Bacterial isolate identification
Phenotypic characteristics were determined as described by Bergey’s Manual (Claus and Berkeley 1986). The bacterial isolates were subjected to antibiotic sensitivity testing against 30 different antibiotics using standard antibiotic discs (HiMedia, India). The antibiotic discs were placed on the seeded Muller Hilton agar (HiMedia, India) plates and incubated at 30˚C for 24-48 h (Vasanthakumari, 2009). Carbohydrate utilization pattern of the isolate was also studied using Carbohydrate utilization kit and Hi-Bacillus Kit according to manufactures instructions (HiMedia, India). Genomic DNA was isolated using Axygen Bacterial genomic DNA isolation kit and visualized on 0.8% TBE agarose gel. The 16S rRNA gene of each isolate was amplified by PCR, using universal bacterial primers 27F: AGAGTTTGATCCTGGCTCCAG and 1492R: TACGGTTACCTTGTTACGACTT (Ballav et al., 2015). The PCR product was visualized on 1% agarose gel, and the expected 1.5 kb length band was excised and eluted using GE Health Care, illustraTM GFXTM PCR DNA and Gel band purification kit (United States). The obtained sequence was further analyzed by BLAST software. The phylogenetic tree was constructed using MEGA 7.0 (Pennsylvania, U.S.A) by neighbour joining method.

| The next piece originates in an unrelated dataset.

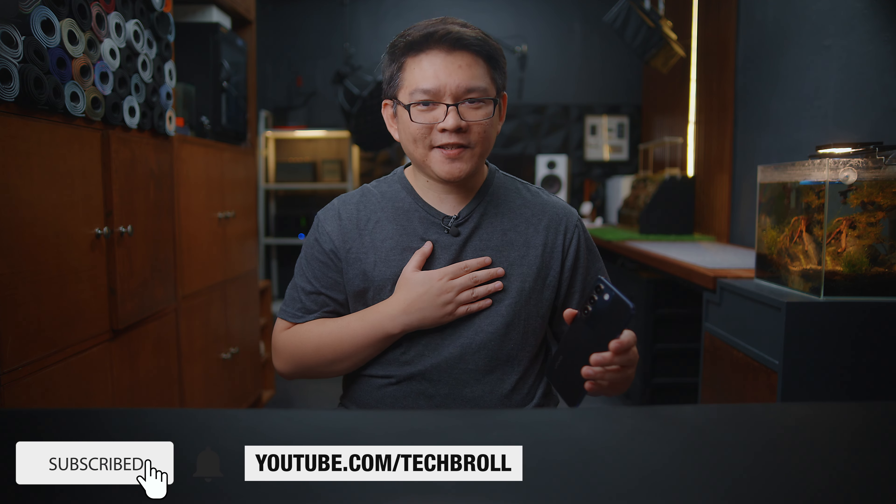Honest disclaimer — this video is in partnership with Vivo to give you an early preview of what the Vivo Y100 has to offer. Let's start with a quick unboxing experience.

Partial purification of antifungal metabolite of BGUMS93
A seed culture of BGUMS93 was prepared by inoculating (approximately 3 x 107 cells/mL) Nutrient broth (10 mL) and incubating for 24 h with constant shaking (120 rpm) at 30ºC ± 2. The seed culture of BGUMS93 was further inoculated in Nutrient broth (500 mL) and incubated at 28˚C ± 2 in a rotary shaker at 120 rpm for 4 days. The culture broth was centrifuged at 10,000 rpm for 10 mins, and cell-free supernatant was used for sequential solvent extraction, lipopeptide precipitation and diaion resin extraction.
Diaion resin extraction
The culture filtrate was treated with 2g/40mL Diaion HP-20 resin (Supelco, USA) at 120 rpm, RT (30°C ± 0.2) for 30 mins. The mixture was packed in a column, washed with sterile MilliQ water and eluted with HPLC grade methanol. The methanol extract was collected as Fraction A. To the bacterial pellet obtained, 10 mL of Chloroform: Methanol (1:1) was added, vortexed and sonicated for 40 s with pulse and without pulse. After sonicating, it was allowed to stand for 10 mins and centrifuged at 10,000 rpm for 5 mins at 10˚C. The supernatant was collected as fraction B (Banskota et al., 2006). Fraction A & B were used for testing antifungal activity using methanol and methanol: chloroform as respective controls.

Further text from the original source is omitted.